Dr. Brian Keating is one of modern cosmology’s greatest luminaries. He has a gift for taking extremely complex ideas and articulating them in a way that we regular people can easily digest, and he does it with wit and humor. It’s no wonder his books have been so widely read and his social media following is so robust. Dr. Keating is also a proud Jew who discovered his Judaism later in life. I was fortunate to recently interview him for Aish.com.

Adam Jacobs: There's a famous statement by evolutionary biologist Stephen J. Gould that science and religion are, as he put it, “non-overlapping magisteria,” the idea that everyone should stay in their lane. Religion might have what to contribute to the world, but it's in its own arena, and science is in its own arena. Do you agree with that approach, or do you feel that there is room for either collaboration or exploration or is there any point of connection between those two areas for you?

Brian Keating: For me, no, I don't look to the Torah for science. It's crystal clear to me that Torah is not a science book. It's not a reference. It has nothing to say scientifically. And that's why I think every scientist needs it, because doing science is the practice of people, and people need wisdom. To practice science (which means knowledge in Latin) divorced from wisdom is the ultimate form of pointlessness, as if a surplus of knowledge is tantamount to moral wisdom. That is fallacious.

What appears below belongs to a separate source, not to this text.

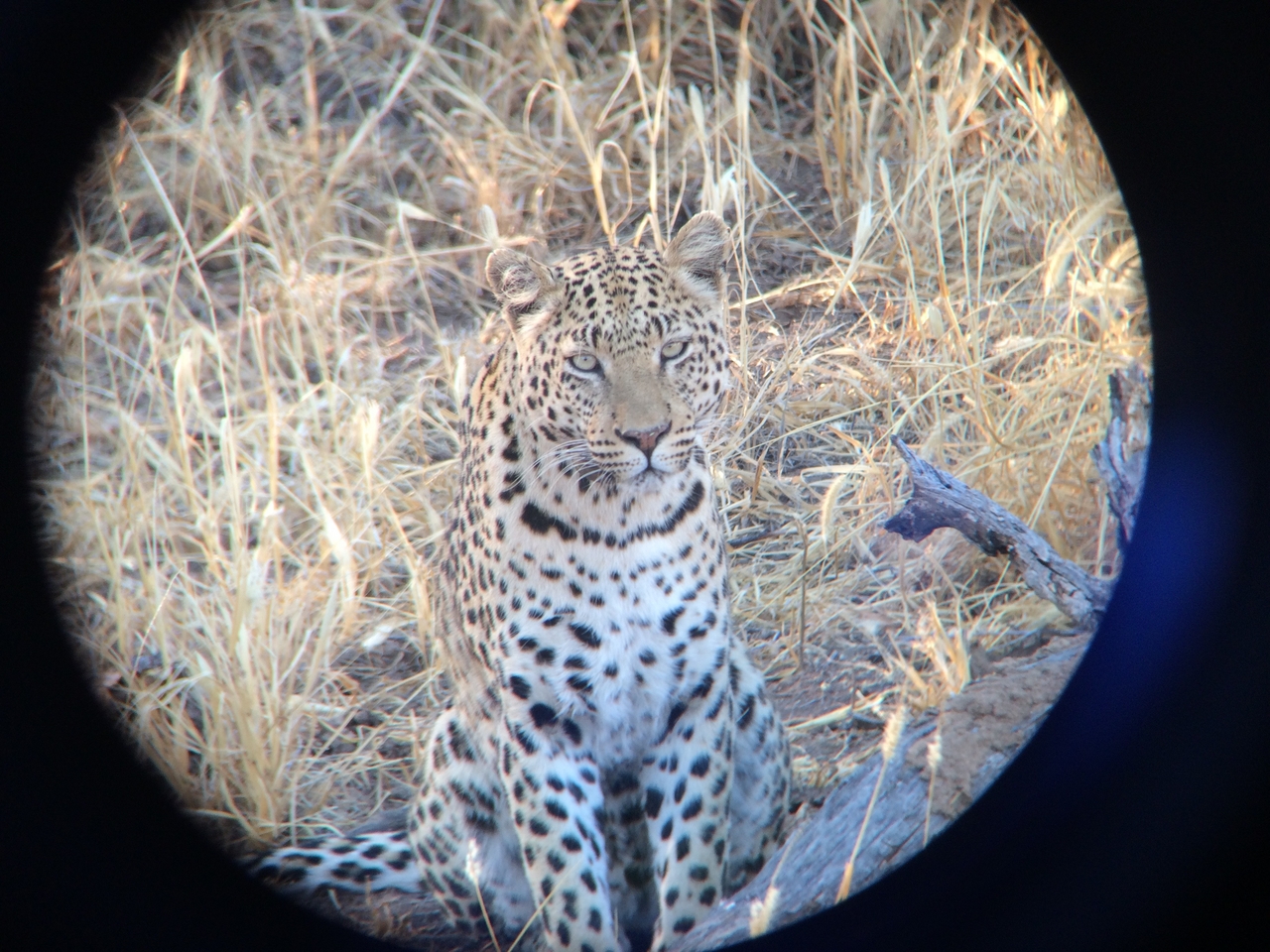 [3207] 2016_06_22_11_23_29_Africa_iPhone_5s_IMG__05837.jpg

I think science struggles with a meaning crisis, and that what we do is important, but to the extent that if it's just used for technology or acquisition of knowledge for its own gain, then there's a pointlessness to it. I think to be a complete human being, you need to have both the knowledge that science uniquely can provide and that the Torah cannot provide about the natural world. It'd be like having a single strand of DNA. It's functionally useless to just acquire knowledge without any associated wisdom coming from it or leading to it.

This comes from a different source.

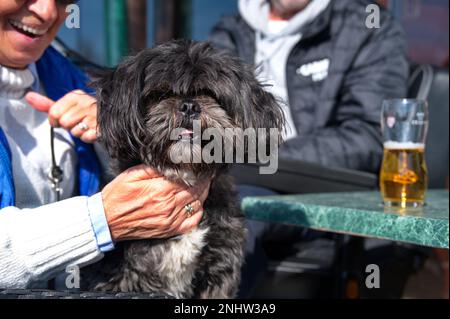 Portrait des süßen kleinen Shih Tzu Welpen, der von ihrem Besitzer gehalten wird Stockfoto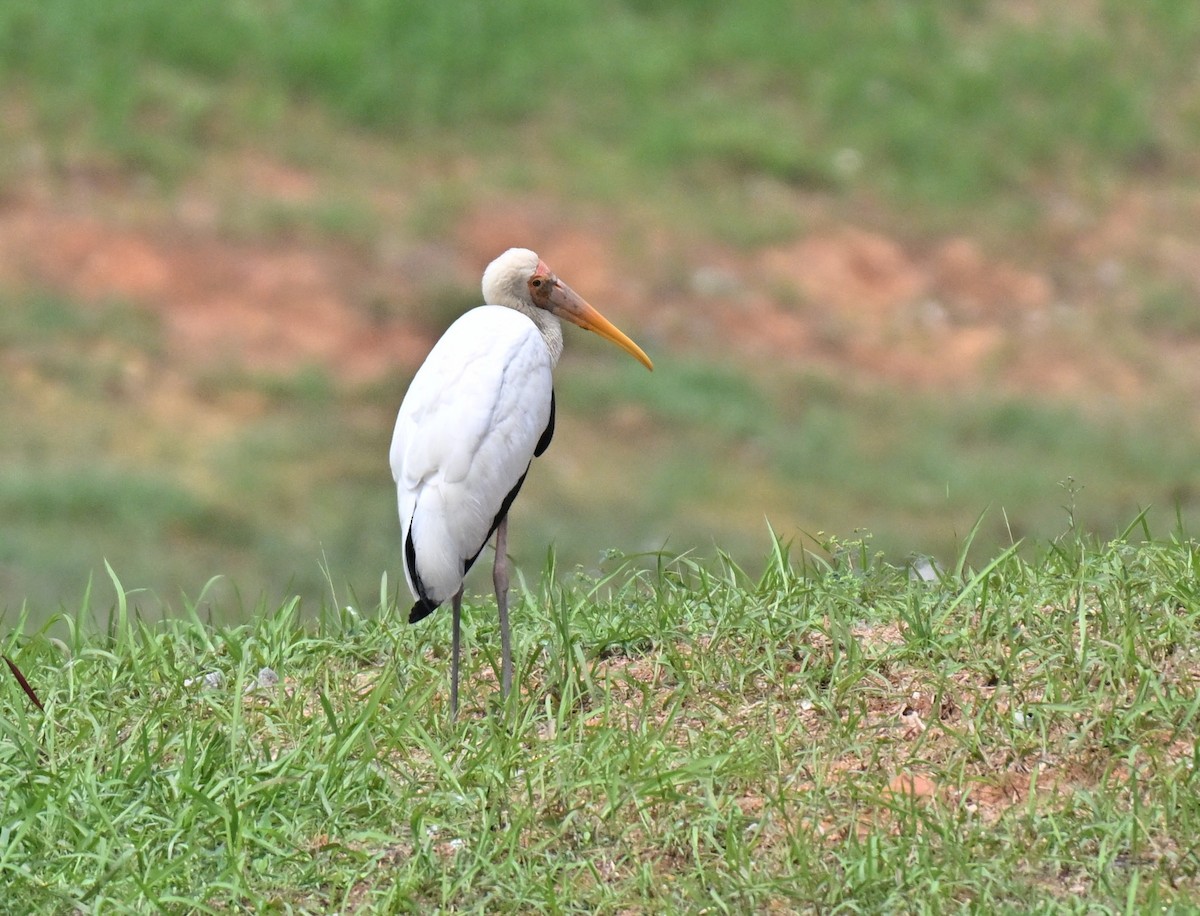 malaystork - ML641846390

Adam Jacobs: How did you discover your Jewish roots, and how did you come to embrace them? Was there some catalyzing event that took place?

Brian Keating: I had a fairly tortured path to Jewish observance. I always knew I was born Jewish, whatever that means. Biologically speaking, my mother is Jewish. My father is Jewish, but like many children of the seventies, I experienced divorce. I lived with my mother's second husband, my stepfather, and he and my mother adopted us legally, changing our names to match her new last name when she remarried. That was a significant moment in my life because, at that time, I became religious for the first time in my life (I mean practicing Catholicism, not necessarily believing), but certainly practicing religion for the first time. Before that, it had been occasional sets of matchbox cars on the first night of Hanukkah, maybe a Passover dinner here or there. And that was it for the first seven years of my life.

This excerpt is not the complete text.